Le Bénin s’apprête à vivre, le dimanche 24 mai 2026, un évènement politique important de son histoire démocratique. Après dix années passées à la tête du pays, le président sortant Patrice Talon transmettra officiellement le pouvoir à son successeur, Romuald Wadagni, élu à l’issue de la présidentielle d’avril dernier.
À quelques jours de cette cérémonie d’investiture, les contours de l’événement se précisent. À en croire les informations qui fusent, la journée sera rythmée par plusieurs séquences, entre le Palais de la Marina et le Palais des Congrès de Cotonou.

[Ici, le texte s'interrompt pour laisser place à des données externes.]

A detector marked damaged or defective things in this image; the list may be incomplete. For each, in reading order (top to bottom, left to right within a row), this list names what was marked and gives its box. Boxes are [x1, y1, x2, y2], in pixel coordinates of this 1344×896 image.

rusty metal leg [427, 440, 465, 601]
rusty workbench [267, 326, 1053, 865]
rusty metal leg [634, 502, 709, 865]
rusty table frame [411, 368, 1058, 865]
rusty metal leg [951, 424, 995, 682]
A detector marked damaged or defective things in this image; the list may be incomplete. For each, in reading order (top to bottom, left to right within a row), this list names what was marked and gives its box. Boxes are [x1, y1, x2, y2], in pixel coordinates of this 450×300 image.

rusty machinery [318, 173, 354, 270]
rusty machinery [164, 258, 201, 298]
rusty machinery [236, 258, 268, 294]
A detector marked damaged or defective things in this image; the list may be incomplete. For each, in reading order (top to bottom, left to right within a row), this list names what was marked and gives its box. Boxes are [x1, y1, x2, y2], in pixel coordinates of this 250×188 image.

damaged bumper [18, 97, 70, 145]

En toile de fond, une volonté affichée de sobriété. Un choix qui rappelle fortement l’investiture de Patrice Talon en 2016.

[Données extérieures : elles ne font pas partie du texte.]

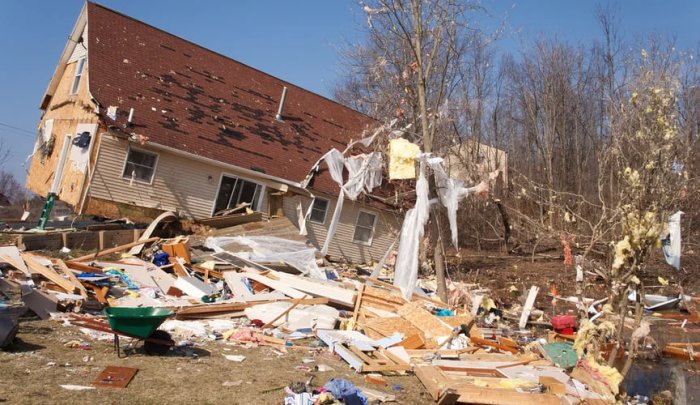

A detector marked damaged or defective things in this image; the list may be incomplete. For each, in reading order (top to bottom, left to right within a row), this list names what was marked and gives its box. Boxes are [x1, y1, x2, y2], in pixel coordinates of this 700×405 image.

damaged house [26, 4, 400, 264]
broken lumber board [72, 235, 160, 260]
broken lumber board [127, 210, 175, 254]
broken lumber board [19, 251, 75, 292]
splintered wood beam [19, 251, 75, 292]
broken lumber board [53, 258, 88, 296]
broken lumber board [245, 272, 304, 296]
broken lumber board [268, 268, 356, 306]
broken lumber board [396, 300, 452, 348]
broken lumber board [520, 284, 540, 328] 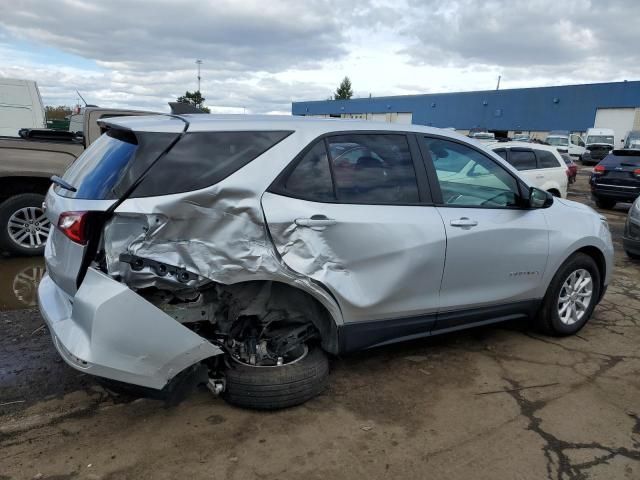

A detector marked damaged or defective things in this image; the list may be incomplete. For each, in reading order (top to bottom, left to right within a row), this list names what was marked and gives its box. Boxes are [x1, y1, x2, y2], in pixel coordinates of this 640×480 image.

damaged silver suv [38, 115, 616, 408] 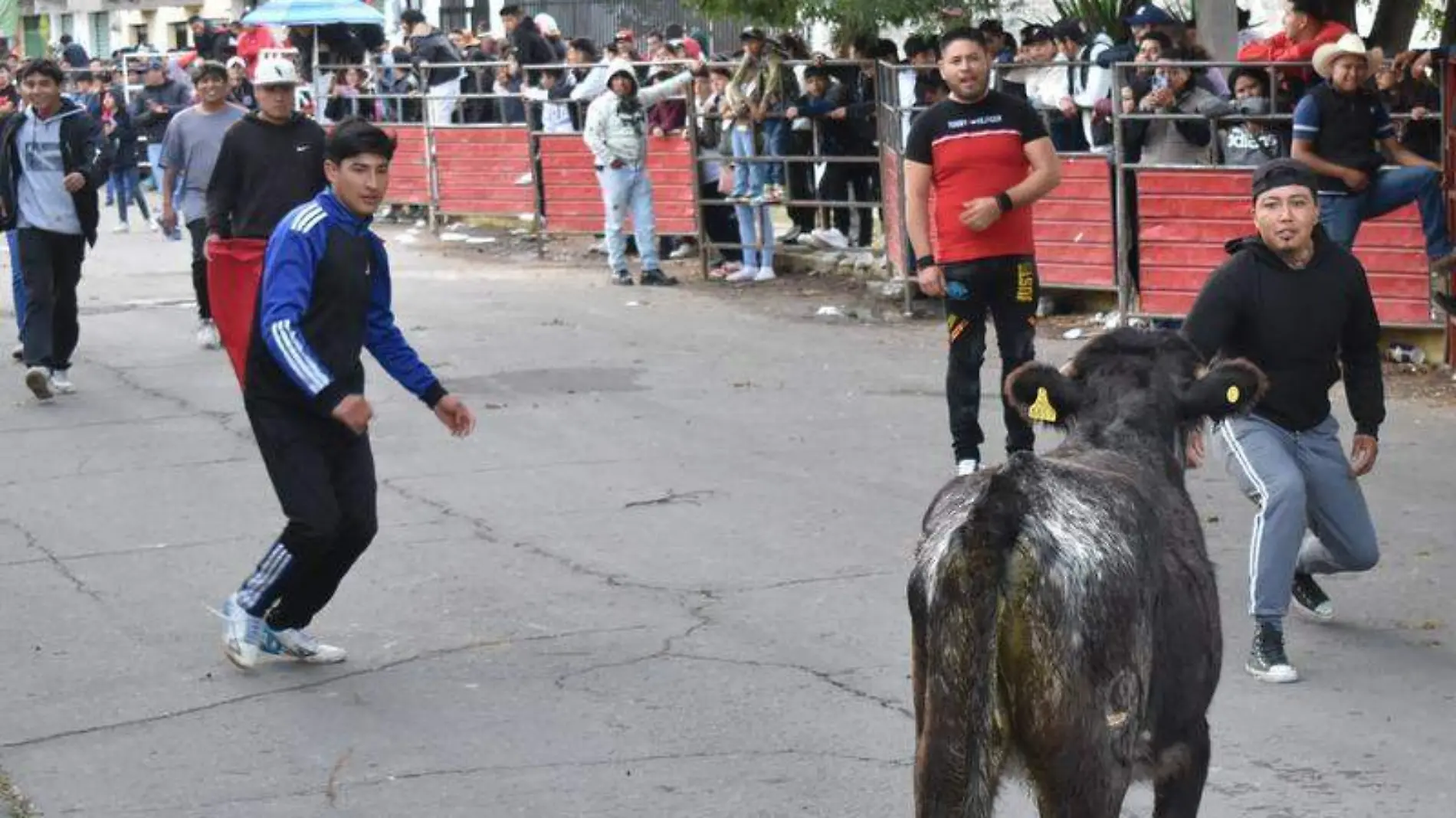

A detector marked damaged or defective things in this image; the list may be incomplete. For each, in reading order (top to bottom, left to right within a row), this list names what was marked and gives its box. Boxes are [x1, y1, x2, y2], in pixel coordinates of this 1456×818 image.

cracked concrete [2, 213, 1456, 818]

La première étape de cette journée historique du 24 mai devrait se dérouler au Palais de la Marina. Le président sortant y recevra une dernière fois les honneurs liés à sa fonction avant la passation officielle de charges avec son successeur. Une rencontre entre les deux hommes est également annoncée avant le départ de Patrice Talon de la présidence de la République.

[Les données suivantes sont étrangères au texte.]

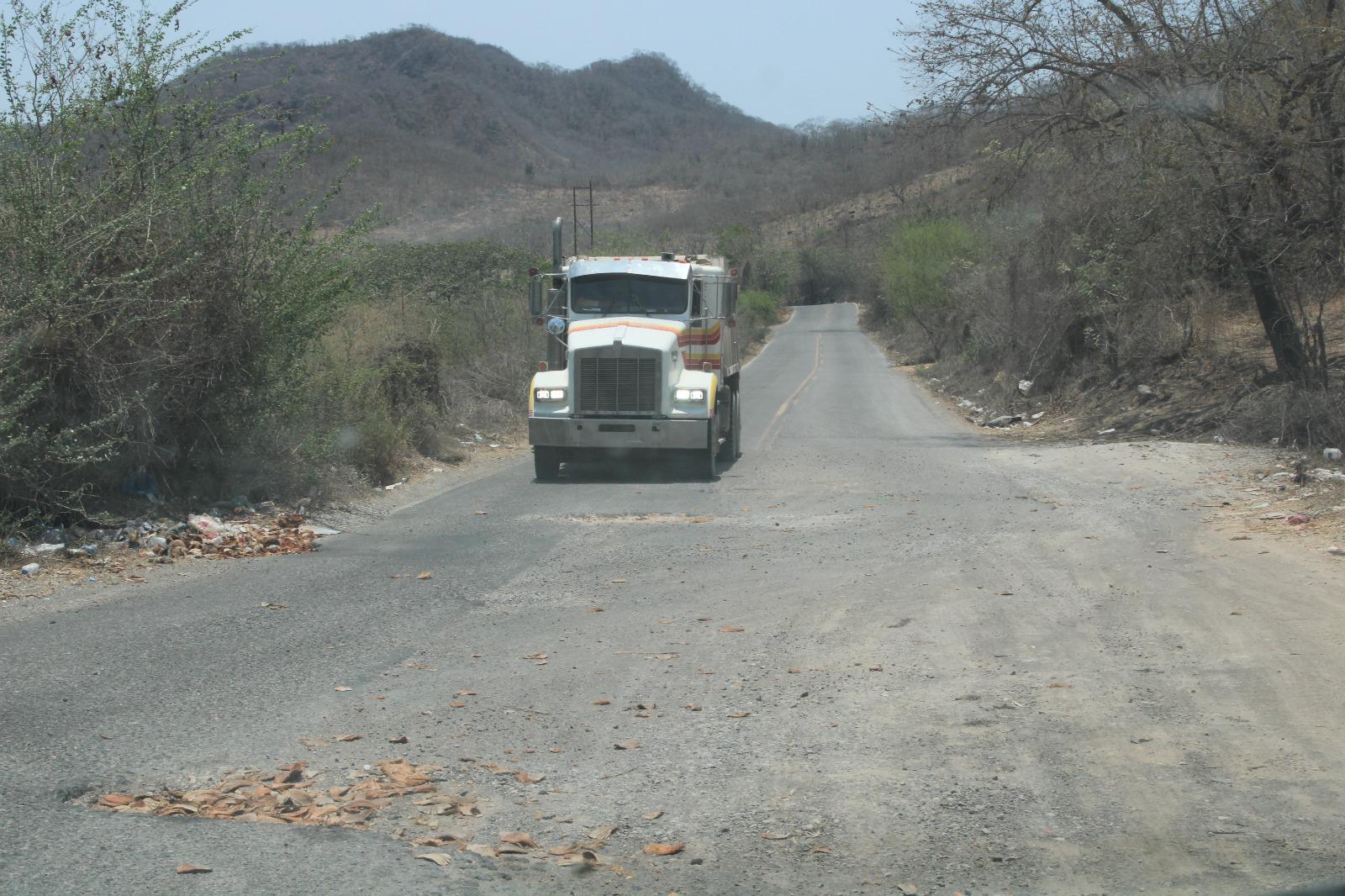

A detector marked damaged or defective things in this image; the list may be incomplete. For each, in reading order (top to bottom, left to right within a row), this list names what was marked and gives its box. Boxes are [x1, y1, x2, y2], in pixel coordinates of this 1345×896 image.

damaged road surface [3, 304, 1345, 888]
cracked asphalt [3, 304, 1345, 888] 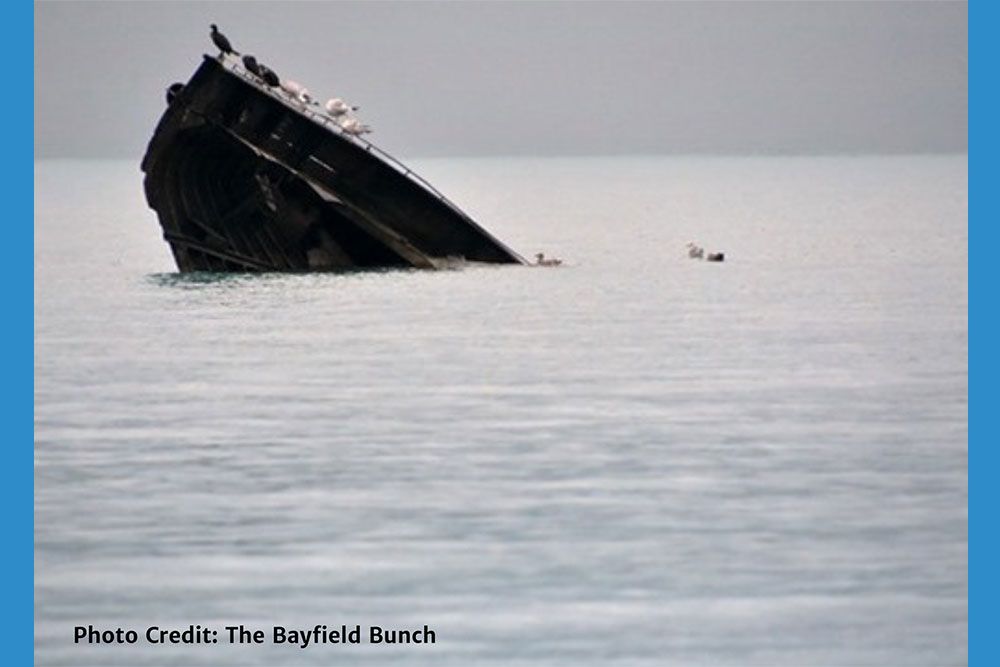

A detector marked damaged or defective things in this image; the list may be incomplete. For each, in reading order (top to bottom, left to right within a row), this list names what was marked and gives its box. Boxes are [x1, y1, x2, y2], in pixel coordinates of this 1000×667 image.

rusted metal hull [146, 56, 532, 272] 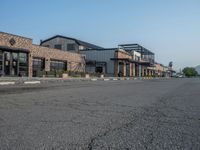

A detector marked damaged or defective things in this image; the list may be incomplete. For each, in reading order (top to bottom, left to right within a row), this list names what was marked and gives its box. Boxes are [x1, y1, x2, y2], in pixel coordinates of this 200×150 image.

cracked asphalt [0, 78, 200, 149]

Le moment le plus attendu interviendra ensuite au Palais des Congrès de Cotonou où Romuald Wadagni prêtera serment devant la Cour constitutionnelle du Bénin. À travers cet acte solennel, il deviendra officiellement le cinquième président de l’ère du renouveau démocratique au Bénin.
Après cette prestation de serment, plusieurs actes protocolaires sont prévus, notamment la remise des attributs présidentiels, les honneurs militaires en sa qualité de Chef suprême des armées ainsi que son tout premier discours à la Nation.
Mais au-delà du protocole républicain, cette cérémonie d’investiture du nouveau président élu, Romuald Wadagni, présente déjà une similitude avec celle de Patrice Talon en 2016 et même en 2021. En effet, trois éléments se dégagent principalement, confirmant la ressemblance. Il s’agit de la sobriété de la cérémonie, sa durée relativement courte et l’absence annoncée de chefs d’État étrangers.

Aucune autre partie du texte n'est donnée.